Schritt für Schritt: Ich lerne lesen! Schulgeschichten von Christina Koenig, Sabine Kalwitzki und Julia Boehme

Schritt für Schritt: Ich lerne lesen!Das Kinderbuch Schritt für Schritt: Ich lerne lesen!* gliedert sich in drei Teile. Den Anfang macht eine Geschichte von Julia Boehme, in der Moritz von einem Muffelmonster geweckt wird. Freudig sieht er seinem ersten Schultag entgegen. Da das Muffelmonster nicht mit in die Schule darf, versteckt es sich im Ranzen und macht erwartungsgemäß in der Klasse nur Unsinn. Farbige Illustrationen von Franziska Harvey ergänzen die Erzählung, bei der dem Lehrer das Muffelmonster zum Glück nicht auffällt.

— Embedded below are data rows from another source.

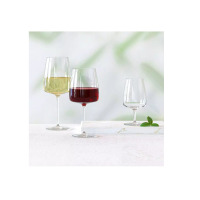 Trzy eleganckie kieliszki do wina Modern od Krosno Glass S.A. na jasnym tle. Dwa wypełnione winem, jeden pusty, ustawione na marmurowej podstawie z listkiem.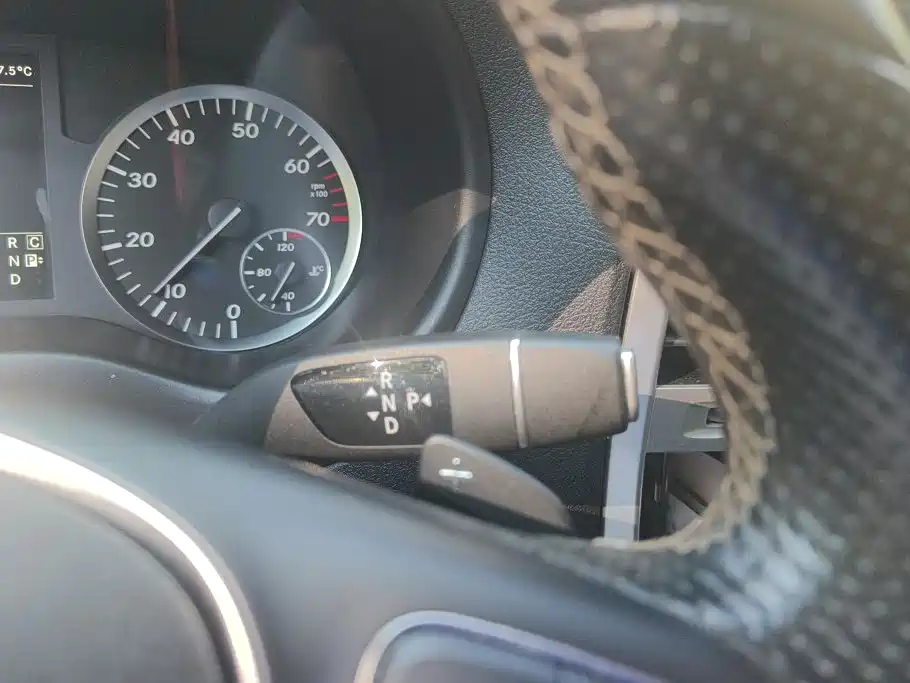Mercedes-Benz Vito — миниатюра 16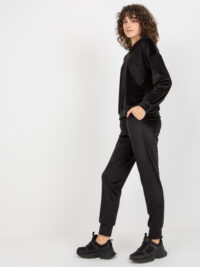 pol_pl_Czarny-damski-komplet-welurowy-z-bluza-i-spodniami-393976_5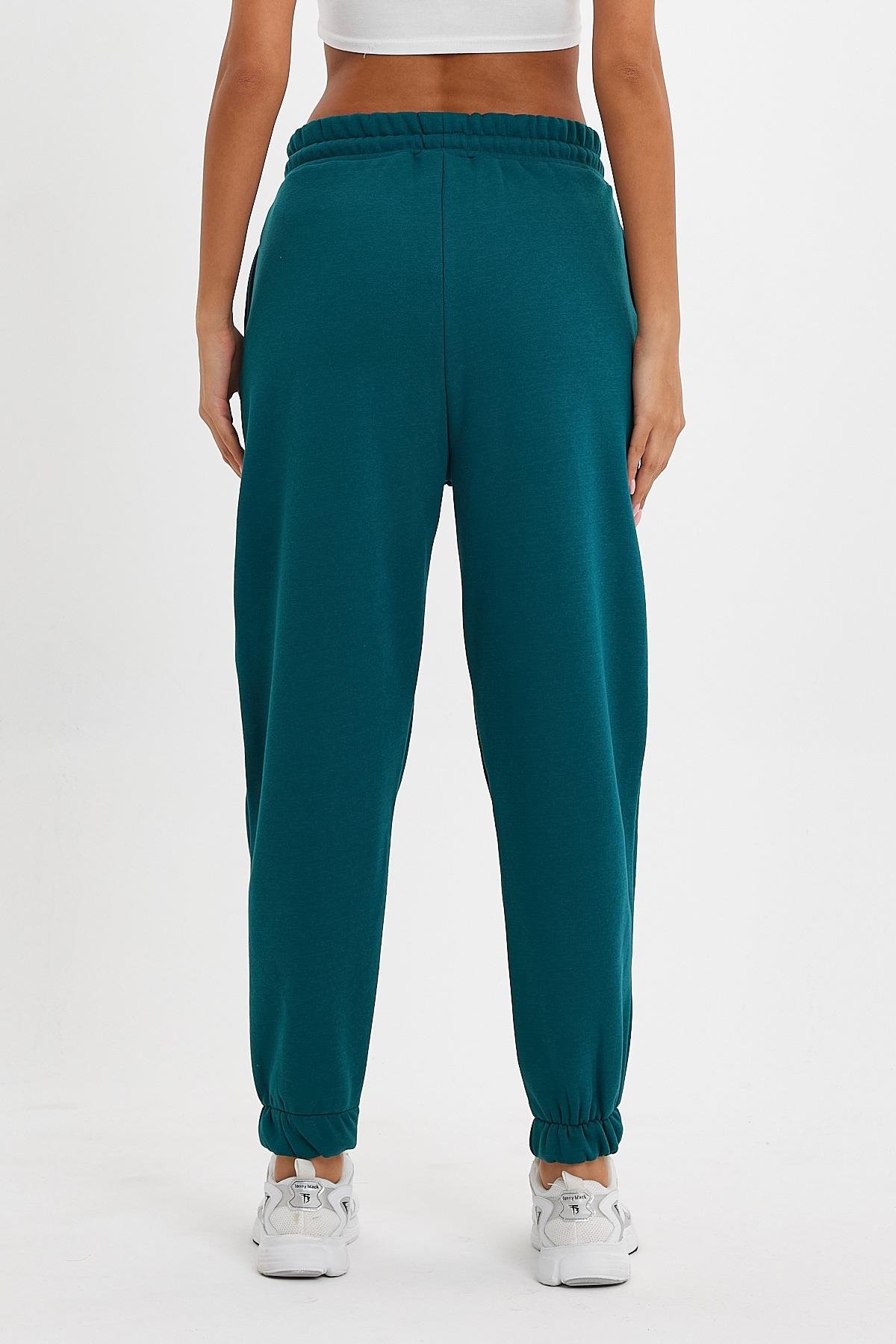 FİHA/5506-KADIN OVERSIZE PAÇA LASTİKLİ EŞOFMAN ALT - KOYU YEŞİL
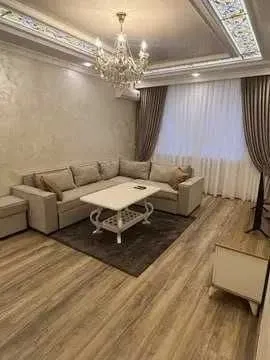 90 м², 3-комн. квартира, 4/6-2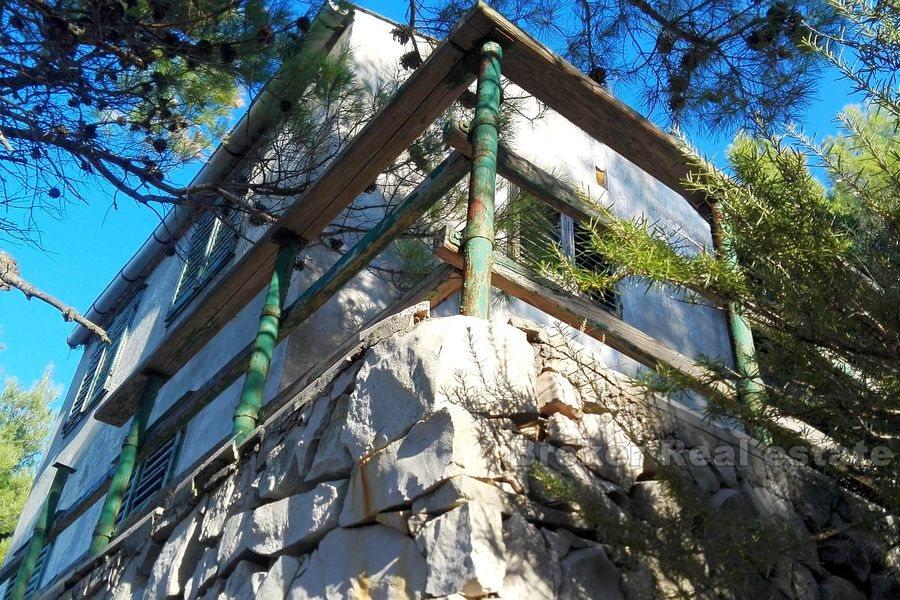 Einfamilienhaus zur Anpassung, am Meer, zum Verkauf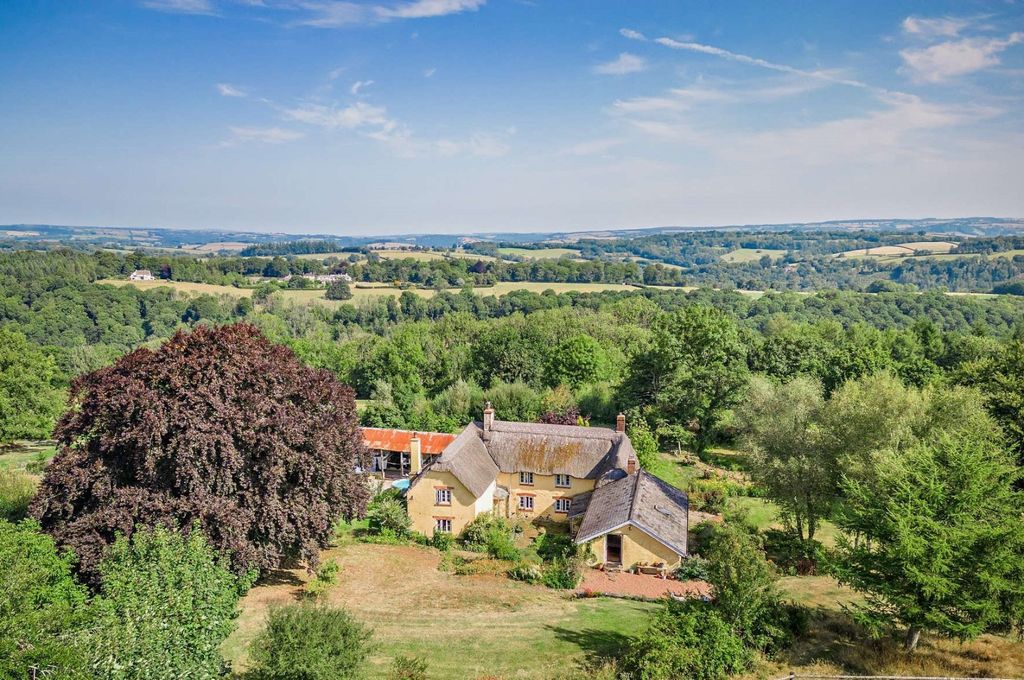 Property photo 3 of 31 Down Farm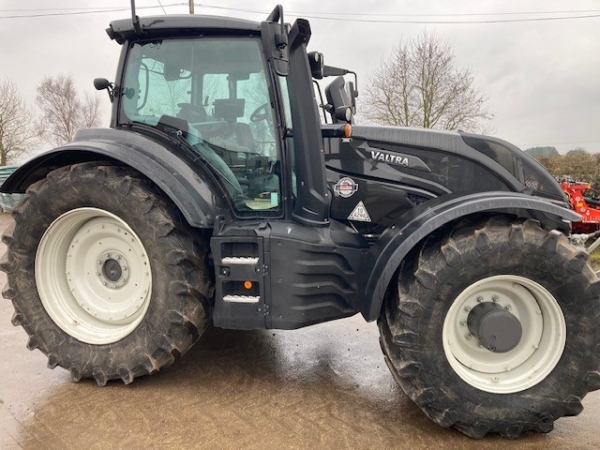 Valtra - T214V ST - Image 1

Im Anschluss daran sind Aufgaben zum Erkennen von Reimen zu lösen, die jeweiligen Anfangsbuchstaben von Symbolen führen zu einem Lösungswort und bei einem Rätsel sollen Silben zu einem sinngebenden Wort geordnet werden, wobei selbstverständlich auch die Lösungen aufgezeigt werden.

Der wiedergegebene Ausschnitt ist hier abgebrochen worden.